鳴り物とともに、フォーメーションを変えながら声明が唱えられました。花びらに見立てた紙を撒きながらステージ上を歩き回わるパフォーマンスもあり、ステージ前の客は、客席に落ちてきた紙を拾っておられました。
その後は、10人の僧侶が600巻にも渡る経典「大般若波羅蜜多経」の最初の部分のみ大きな声で唱え、経本を高く掲げて繰り広げて1巻を読謡したことにする「転読」が行われました。
そして最後は、「般若心経」が唱えられて、最高位の僧侶が履く木下駄の音とともに僧侶が退場し、終演となりました。
拍手して良いものかどうか一瞬悩みましたが、客席からは拍手が贈られました。声明により、煩悩だらけで汚れた私の精神が、少しでも浄化できたなら幸いです。
僧侶によるゴスペル、あるいは和のグレゴリオ聖歌と言うべき声明。読経との違いが判然としませんが、入場料は、お布施ということで納めさせていただきましょう。
東ロビーで飴細工の実演や太鼓の革張りの実演を見ているうちに、劇場で開催される「祭り」の開場時間となり、開場の列に並んで入場しました。
アートミックス・ジャパンの原点と言うべき「にいがた総踊り」の公演です。
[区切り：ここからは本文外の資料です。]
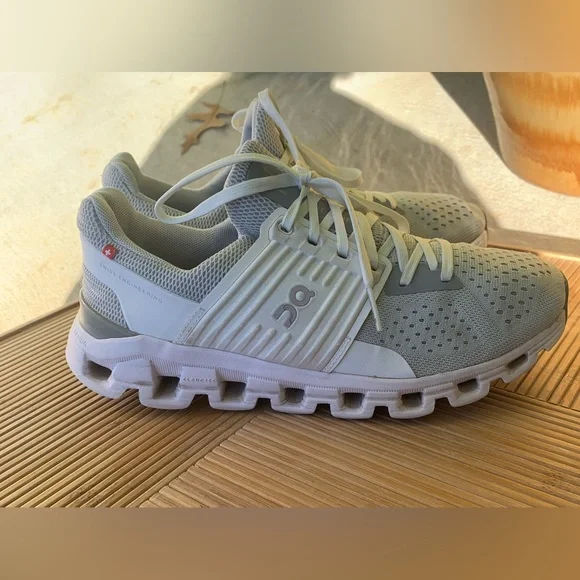 On Running Cloudswift Women's Athletic Shoes - Glacier White - Picture 15 of 16
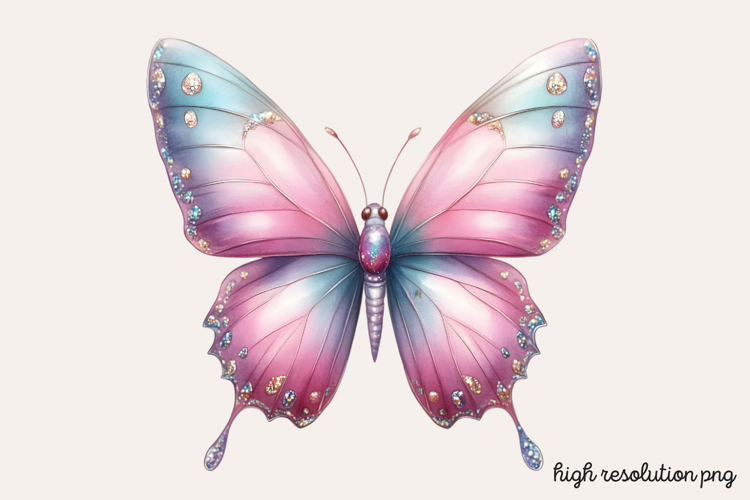 Pink Butterfly Clipart Image 7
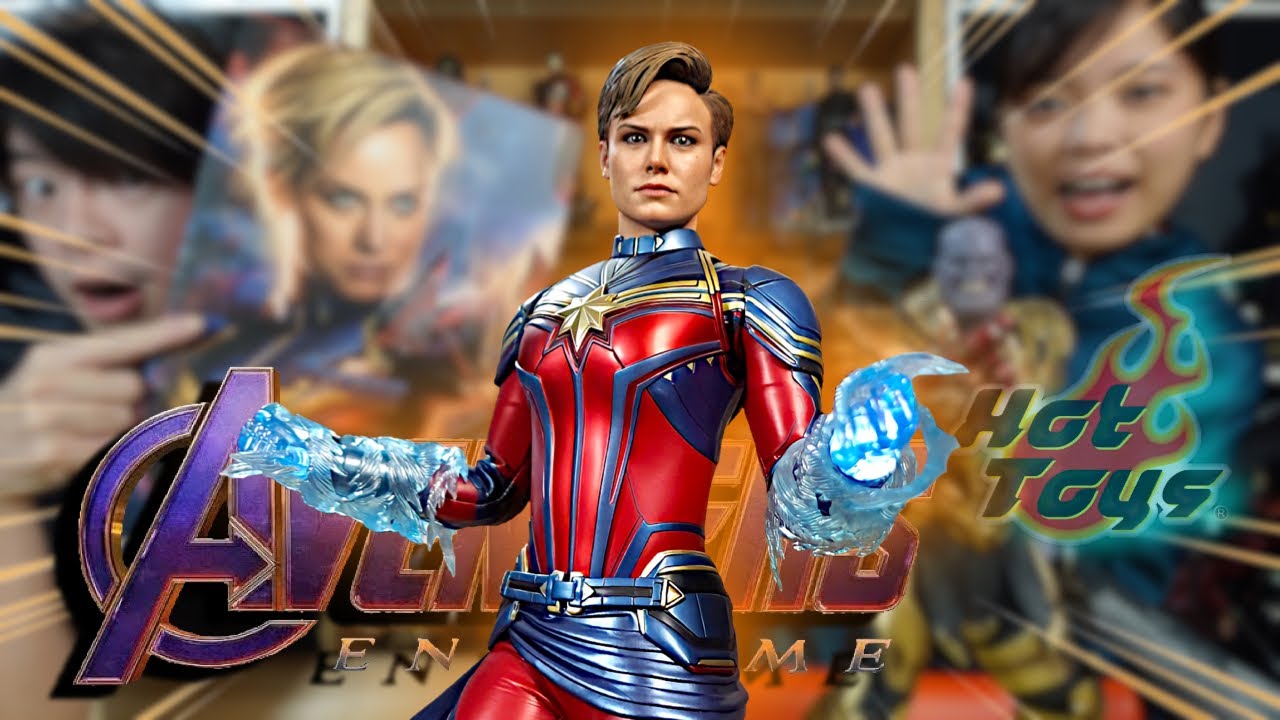 HOTTOYS】進化したヘッド＆ヒップ‼️EG版キャプテン・マーベルのご紹介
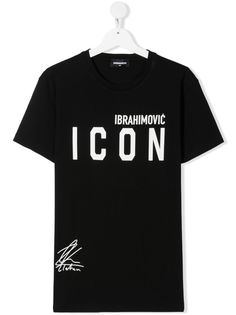 Dsquared2 Kids футболка Icon из коллаборации с Ibrahimović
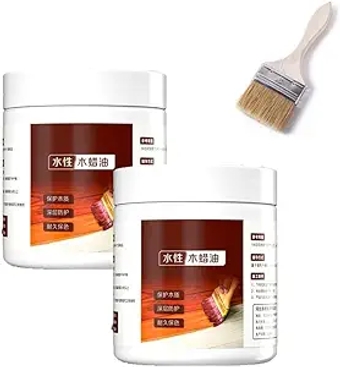 2PCS Outdoor Anti-Corrosion Wood Wax Oil, Natural Wood Cleaner and Polish Furniture, Transparent Color Wood Stain, Furniture Care Polishing Agent, Floor Wood Cleaner and Polish Furniture, 100g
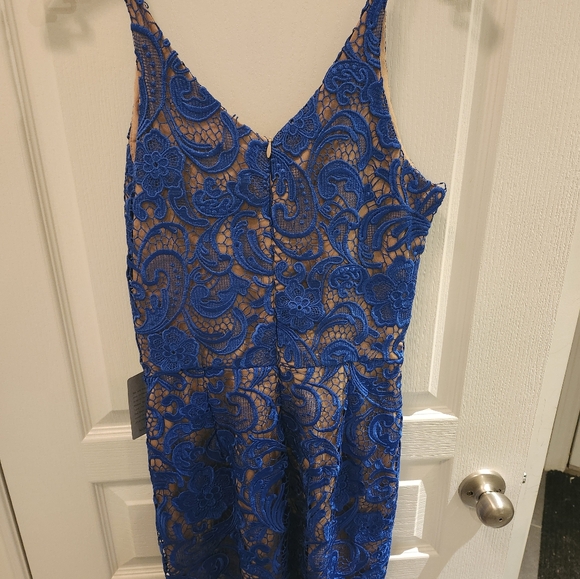 Dress the Population Blue Lace Dress NWT Size M - Picture 7 of 12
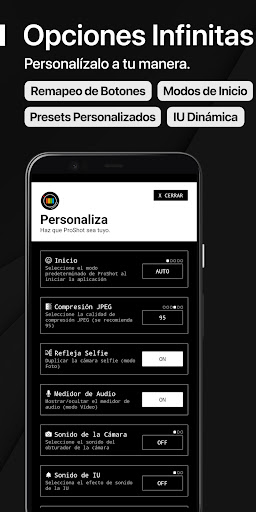 Captura de pantalla de ProShot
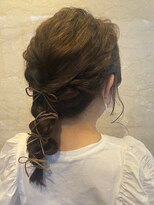 六本木美容室 西麻布店 ヘアセット◎紐アレンジ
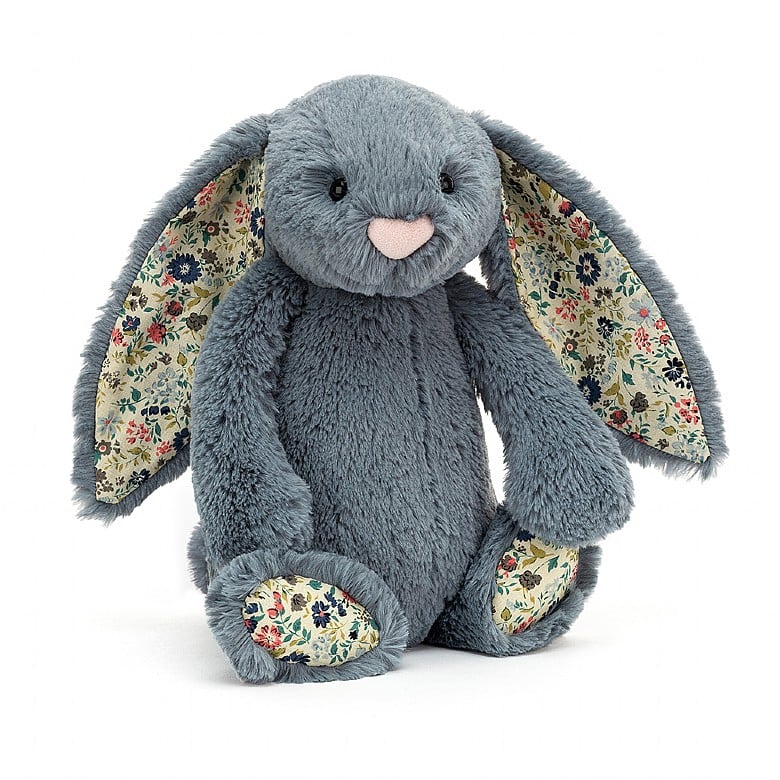 jellycat blossom dusky blue bunny - medium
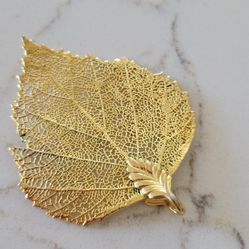 18k Gold Plated Leaf Pendant 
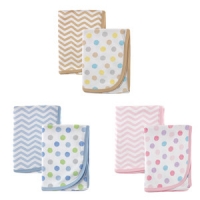 Luvable Friends 2-Pack Cotton Receiving Blankets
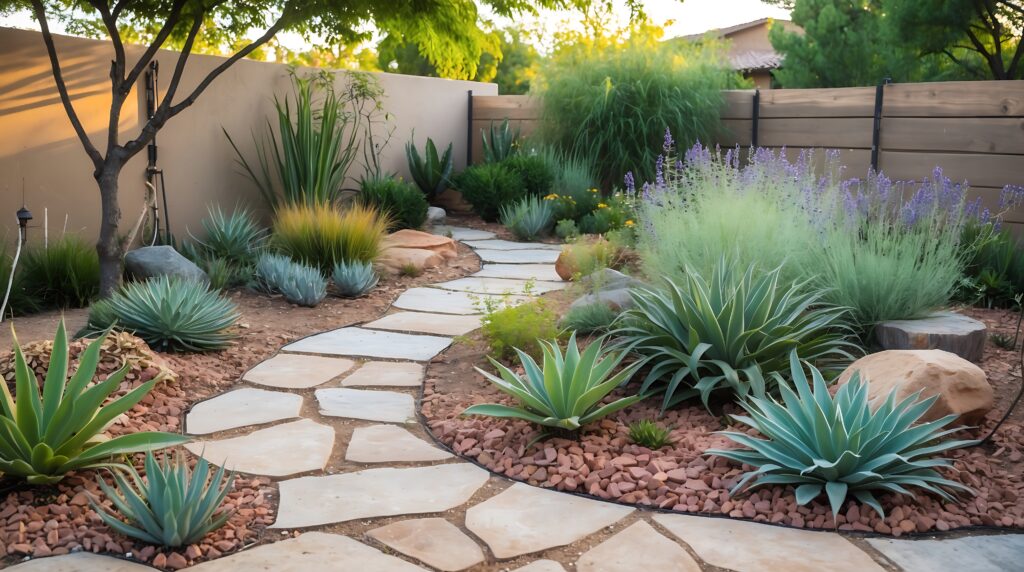xeriscaped garden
中に入りますと、前方の1階席はびっしりでしたが、私の席の2階席の後方は余裕があつて、ゆったりと楽しむことができました。
樽砧の演奏で始まり、以後は「にいがた総踊り」の魅力が凝縮された熱いパフォーマンスに圧倒されるばかりでした。
ステージ後方に、左から三味線、大小の太鼓が3台、笛、樽が3台と並んで、軽快なリズムで終始演奏を続けて踊りを支え続けました。
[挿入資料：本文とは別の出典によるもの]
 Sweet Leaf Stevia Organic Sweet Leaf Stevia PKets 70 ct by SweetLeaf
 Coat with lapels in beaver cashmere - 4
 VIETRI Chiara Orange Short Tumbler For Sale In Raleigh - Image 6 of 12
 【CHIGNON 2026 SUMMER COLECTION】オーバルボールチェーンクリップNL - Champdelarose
総勢200人の出演者とのこと。様々な団体が結集しており、次々とフォーメーションを変えながら激しい振付で踊る若者たちのパワーにひれ伏すのみでした。小学生と思われる小さな子も混じっていて、その頑張りに感激しました。
激しさだけでなく、笛の男性が唄う木遣りで感動させられたりもありました。緩急様々な演目が休みなく繰り広げられ、構成・演出の素晴らしさに息を呑みました。
そして何よりも、鍛え上げられて一糸乱れぬ若者たちの群舞に、ただただ圧倒され、そのパワーに、新潟の未来に明るさを感じました。
「にいがた総踊り」の様子が画像で紹介され、代表者による挨拶があり、最後に「にいがた総踊り」を代表するという演目を、熱さだけでなく芸術性も感じさせながら演じて感動を誘いました。
そして、出演者全員がステージに登場して大きな拍手が贈られ、緞帳が降りて、興奮と感動のプログラムは終演となりました。
この後も魅力ある公演が続きますが、私はここで終わりです。明日も10時から19時まで開催されますので、多くの人で賑わうことでしょう。天候が悪く、屋外での無料公演がどうなるのか心配ですが、盛況となりますことを祈りたいと思います。